How do you feel now about cycling?
My passion for cycling is undiminished and my aim is to get back in the saddle, although I dread to think what my wife and daughter will say when I first go out.
What advice have you got for cyclists and pedestrians, especially now the darker nights are here?
My accident should be a lesson to everyone. It’s astonishing how quickly it happened. Despite all my years of experience the accident happened in the blink of an eye and I was only a few moments away from dying. It was only luck and the prompt action of the passing cyclist and paramedics that saved me.
It frightens me when I see cyclists without lights, riding two abreast on busy or narrow roads, but especially not wearing a helmet.
They really are dicing with death. My message is, always wear your helmet and make sure it fits correctly. Any good bike shop can advise you on the best helmet for you and you don’t have to shell out a fortune. Don’t be tempted to buy a cheap copy of a helmet unless you are certain of the quality, it’s just not worth it.
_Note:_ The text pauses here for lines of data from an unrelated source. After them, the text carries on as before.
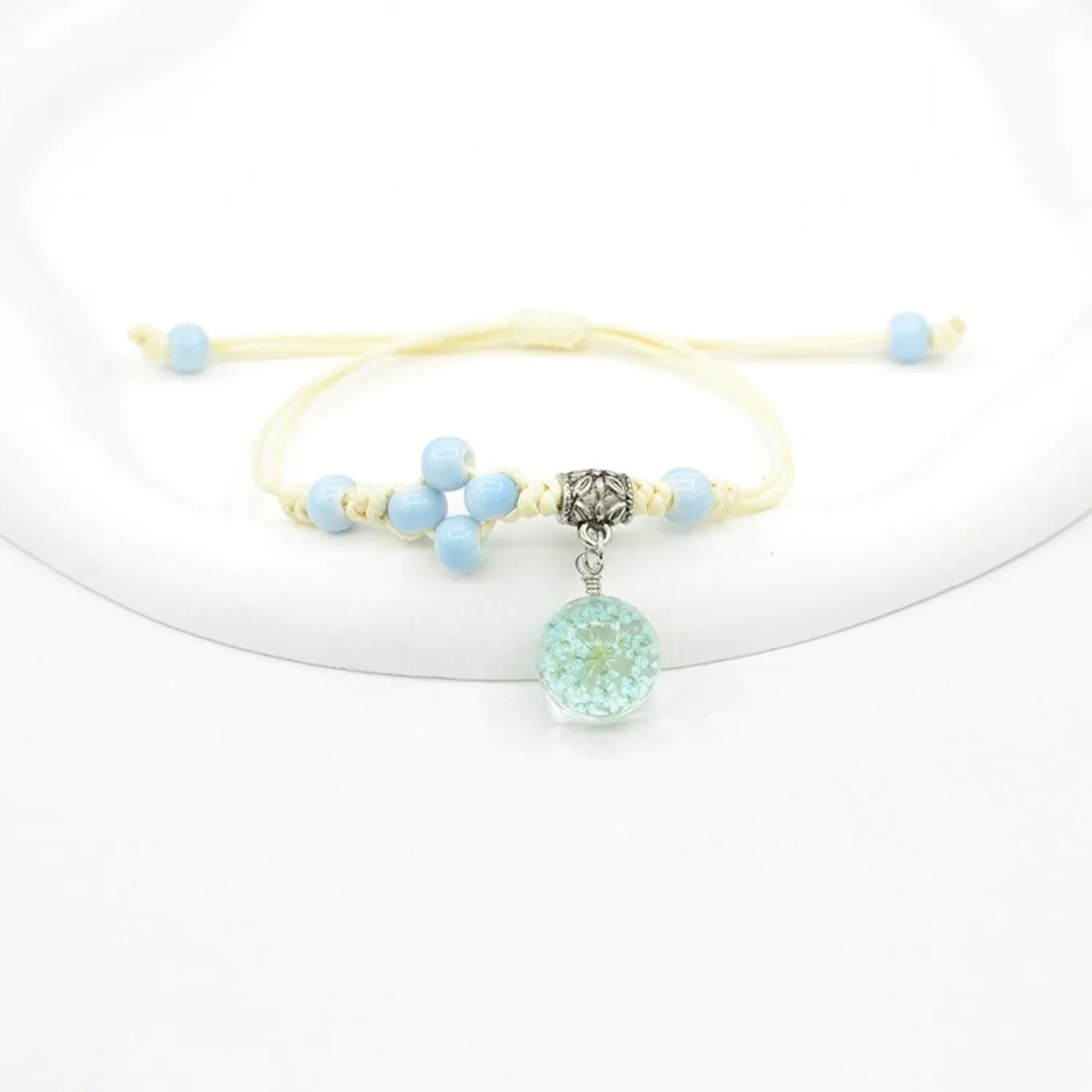 Glass bracelet with large colourful beads containing real dried flowers, on a white background.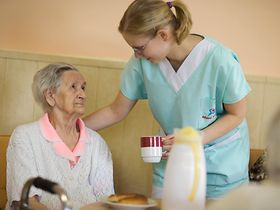 Altenheim, Pflegerin bringt Seniorin eine Tasse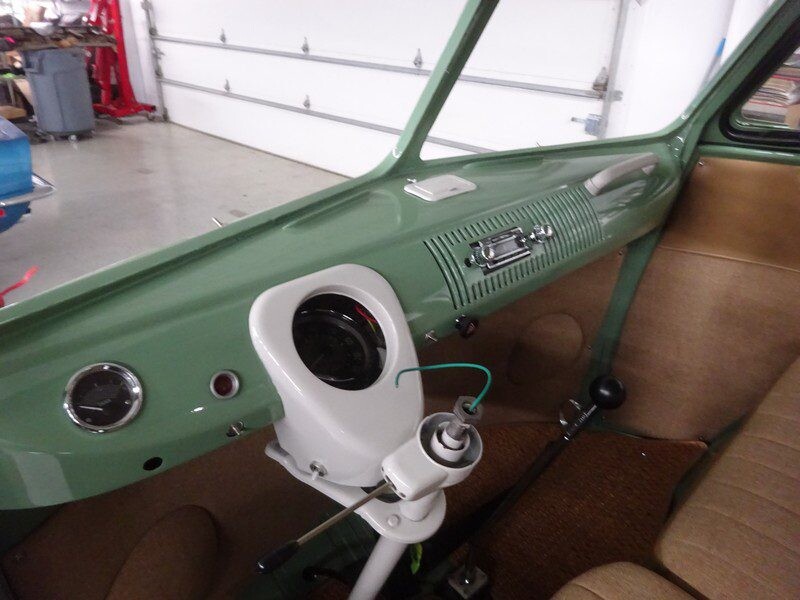 Green vintage VW bus dashboard interior.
Please remember that cyclists are the most vulnerable of road users. If you are you’re passing a cyclist in the car – be considerate and give cyclists enough space, just like you would when you pass someone on a horse. I don’t want anybody to go through what I have.
Maybe I missed it, but I can't see at which point the helmet prevented his ribs being broken and penetrating his lungs. Or where it prevented the loss of consciousness. Or how riding two abreast puts anyone at greater risk despite we all knowing the exact opposite to be true.